Home > Blog > The Olympic Games – surely a morale booster, not an operational headache?

The Olympic Games – surely a morale booster, not an operational headache?

Posted by Steve Read on June 1, 2012

I’ve read a few articles over the last few months, all debating how employers should deal with staff who want time off during the Olympics.  One is on my desk right now - Is your boss a bad sport? By Martin King, The Guardian, 28/04/2012. This article I think typifies the sentiment in most of them: seven columns of mostly negative and alarmist concerns, surrounding a small panel with some positive ideas on ‘how to avoid falling out’.  Maybe I am naïve, but wouldn’t it just be so much better if everyone focused on the positives?  Even ‘avoiding falling out’ has a negative starting point.  The sage words from the employment lawyers clearly need heeding, but I am sure most managers and employees can sort out most requests for time off, with little effort, whilst accepting a few inevitable disappointments.

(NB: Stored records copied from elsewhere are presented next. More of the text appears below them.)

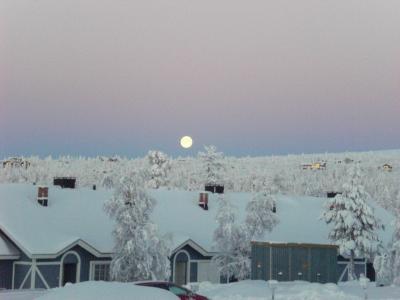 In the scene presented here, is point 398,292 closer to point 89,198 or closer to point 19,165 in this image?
point 89,198

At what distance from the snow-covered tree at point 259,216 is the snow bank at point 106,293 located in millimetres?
31333

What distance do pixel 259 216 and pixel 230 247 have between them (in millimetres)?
3805

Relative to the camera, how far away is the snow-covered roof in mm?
Result: 39938

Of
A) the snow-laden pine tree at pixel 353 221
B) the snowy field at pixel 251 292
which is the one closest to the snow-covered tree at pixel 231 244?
the snowy field at pixel 251 292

There is some excellent practice. SHL recruiters are ready, with staff being allowed to work flexibly wherever possible. It might be something to do with the fact that their MD is called Stephen Read. Clearly an advantage when it comes to good judgement…  However another employer informed all staff, via email, that lateness during the Games will not be tolerated, despite the fact that traffic in London is predicted to be significanty disrupted. Now I understand fully both the legal implications and the impact on a business of staff being late, but this could be handled so much better.  Firstly, wouldn’t a verbal briefing by a manager be a more appropriate form of communication?  Secondly, rather than a veiled threat, this employer could have used this as an opportunity to work with managers and teams to ensure both business continuity, and high morale

Sitting in a taxi in London the other day, the driver vented his spleen about the Olympics, bemoaning the fact that London would be busy, full of foreigners, and nothing would work. Sounds ideal for the taxi trade… The man should get a new job methinks.

I’m going to enjoy the Games, and I salute all employers who do as much as they can to allow as many of their employees as they can to watch as much of the Games as they can.